The K-Means algorithm will clusters the data points around the means depending on the distance from the mean.

How does K-Means relate to the SOM algorithm?

In the SOM algorithm, you are essentially following the same process as in K-Means.

However, the process differs in two distinct ways:

Instead of mapping clusters, you map each output coordinate to the map
In K-Means to data points are clustered relative to the cluster mean, whereas in SOM they are clustered relative to one another to gain representation on the map.

Cluster around a mean

So how does a SOM work?

The first thing you need to do is initialize the weights of your neurons.

(Oh yer you still have neurons – this is a deep learning technique after all)

As you run each input data vector through the algorithm, the point on the grid most aligned to this data pulls towards the data.

Then it’s the next input vectors turn. The grid is again pulled towards the data point where most relevant. During this process, the weights are updated.

This pulling, updating process continues, looping over the input data until you end up with a fully converged map.

This graphic below from Wikimedia shows the process.

Source: https://en.wikipedia.org/wiki/Self-organizing_map#/media/File:TrainSOM.gif

And that’s it!

Now you have some idea of the theory, let’s look at the step by step implementation of SOMs using python.

How to implement a SOM in python – step by step

I am probably going to sound like a broken record here if you have read any of my other tutorials buuuttttt…..

Step 1 of the implementation is to clean your data!

Step 1: Clean the data

You need to follow the standard process of data wrangling to make sure that the output of your algorithm makes sense.

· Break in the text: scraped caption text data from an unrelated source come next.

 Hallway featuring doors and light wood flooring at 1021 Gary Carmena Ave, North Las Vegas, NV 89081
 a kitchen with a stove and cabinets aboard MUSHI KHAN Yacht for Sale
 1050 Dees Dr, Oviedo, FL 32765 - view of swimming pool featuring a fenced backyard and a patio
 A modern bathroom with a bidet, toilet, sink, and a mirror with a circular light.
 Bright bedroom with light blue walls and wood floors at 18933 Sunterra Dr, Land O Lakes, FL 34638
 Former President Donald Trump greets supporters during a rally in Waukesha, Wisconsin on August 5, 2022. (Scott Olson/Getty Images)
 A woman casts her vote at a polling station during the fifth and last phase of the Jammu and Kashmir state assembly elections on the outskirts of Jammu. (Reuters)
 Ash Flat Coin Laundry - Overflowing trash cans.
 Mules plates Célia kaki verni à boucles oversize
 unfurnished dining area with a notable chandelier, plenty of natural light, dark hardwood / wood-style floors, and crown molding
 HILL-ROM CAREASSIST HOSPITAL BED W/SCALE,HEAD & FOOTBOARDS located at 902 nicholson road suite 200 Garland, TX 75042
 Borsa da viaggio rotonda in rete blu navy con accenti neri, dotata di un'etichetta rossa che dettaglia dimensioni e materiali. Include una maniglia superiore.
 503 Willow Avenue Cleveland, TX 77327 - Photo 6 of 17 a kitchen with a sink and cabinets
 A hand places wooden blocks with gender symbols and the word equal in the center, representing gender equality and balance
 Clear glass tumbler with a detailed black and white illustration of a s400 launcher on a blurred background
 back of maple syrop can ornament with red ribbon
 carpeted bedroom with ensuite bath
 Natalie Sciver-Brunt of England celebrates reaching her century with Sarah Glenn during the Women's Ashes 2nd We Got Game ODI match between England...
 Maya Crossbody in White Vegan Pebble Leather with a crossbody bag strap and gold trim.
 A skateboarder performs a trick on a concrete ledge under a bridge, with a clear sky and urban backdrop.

These include but are not limited to:

Check for outliers in the data that could skew the results – to help you understand outliers in the data using the describe function in pandas. This will give you the statistical information on the data you are using to see if it looks sensible.
Remove unnecessary columns from the data using iloc and pandas
Standardize column values
Replace missing data points with the average value for that data point (you could remove the row, but this is generally seen as better than removing that data point entirely to avoid loss of data)

You will then need to ensure that you apply feature scaling to the data so no one data point over biases the output.

What is Feature scaling?

If you have input variables on very different scales, you may need to scale them to ensure you don’t get impact bias for one variable – not all algorithms need this so check the documentation to see if you do.

Step 2: Download the code for implementing SOMs

Good news! Some beautiful human has created source code that you can use and download for free.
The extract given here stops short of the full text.